Con il Messico, l’obiettivo sarebbe che le autorità del vicino meridionale “controllino più strettamente il confine con gli Stati Uniti, al fine di ridurre il tasso di immigrazione illegale”, osserva il professionista degli investimenti. I 10’000 soldati che la nuova amministrazione vuole inviare al confine sud potrebbero infatti non essere sufficienti ad arginare l’immigrazione.
Un aumento massiccio dei dazi “penalizzerebbe però profondamente le numerose aziende americane con sede in Messico, in particolare i fabbricanti di automobili”. Secondo il Dipartimento del commercio statunitense, l’anno scorso gli Stati Uniti hanno importato 2,7 milioni di veicoli “made in Mexico”, per un valore di 87 miliardi di dollari, e altri 64 miliardi di dollari di pezzi di ricambio tra gennaio e novembre 2024.
Trump potrebbe anche volere che l’esercito statunitense intervenga contro i cartelli della droga messicani, che il presidente ha classificato come organizzazioni terroristiche in un ordine esecutivo pubblicato lunedì, aggiunge Shing. Un’operazione del genere richiederebbe l’approvazione del governo messicano e consentirebbe anche di contrastare l’arrivo del fentanyl, un oppioide prodotto in Cina che sta causando una crisi sanitaria senza precedenti negli Stati Uniti e che transita attraverso il Messico.
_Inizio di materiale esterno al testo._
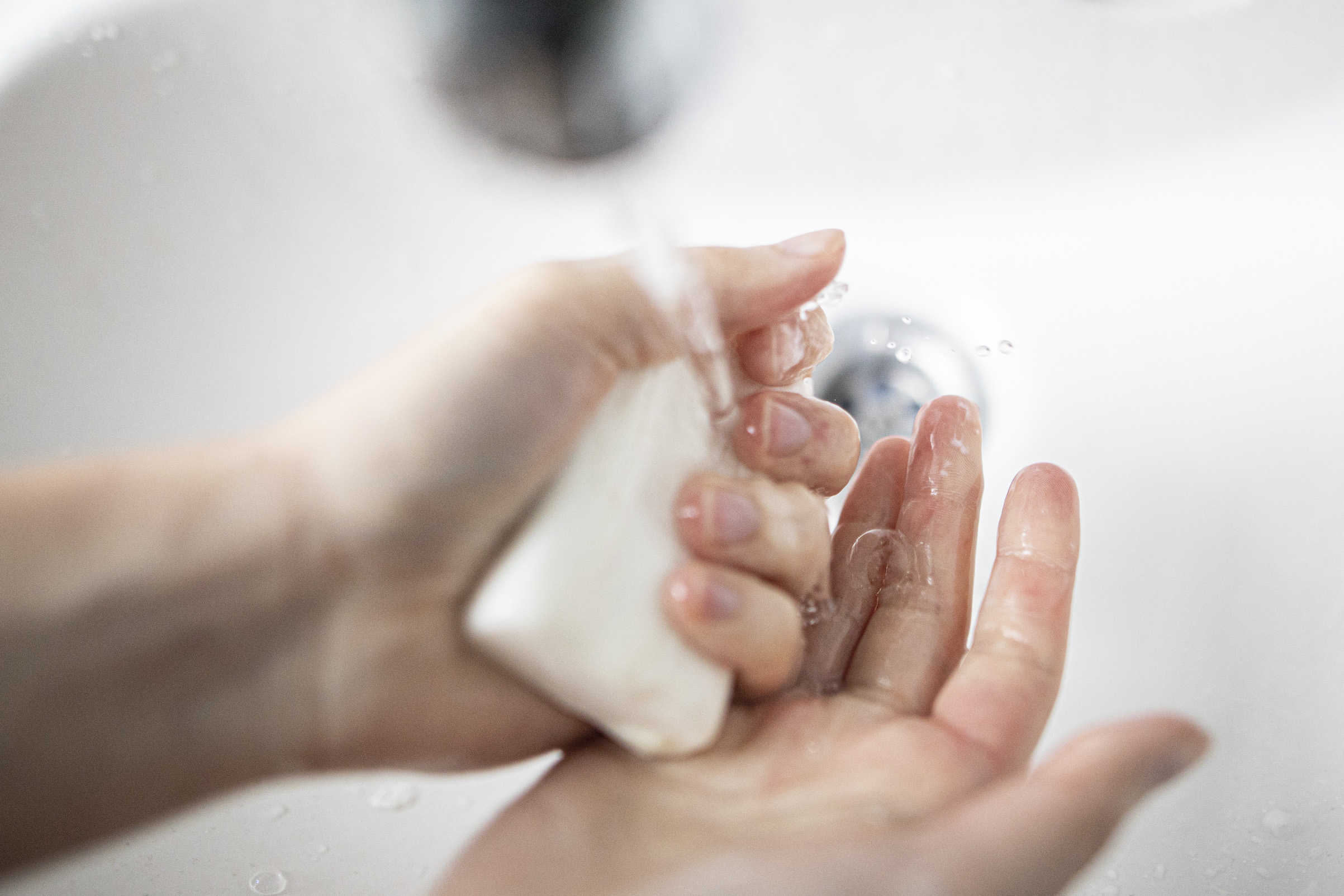 Știați? Săpunul a fost inventat pentru bolile de piele. O istorie de 4.500 de ani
Sempre stando all’esperto interpellato da Le Temps i dazi dovrebbero avere un impatto limitato sull’inflazione, poiché probabilmente aumenteranno gradualmente e non tanto quanto annunciato. In attesa di conoscere i dettagli della politica di Trump in questo settore, resta inoltre una realtà elettorale: “L’inflazione è la principale preoccupazione degli americani e se non sarà tenuta sotto controllo dalla nuova amministrazione, i repubblicani potrebbero perdere la loro risicata maggioranza alla Camera dei Rappresentanti nelle elezioni di medio termine del 2026, il che complicherebbe in modo massiccio il resto del mandato di Trump”, conclude Shing.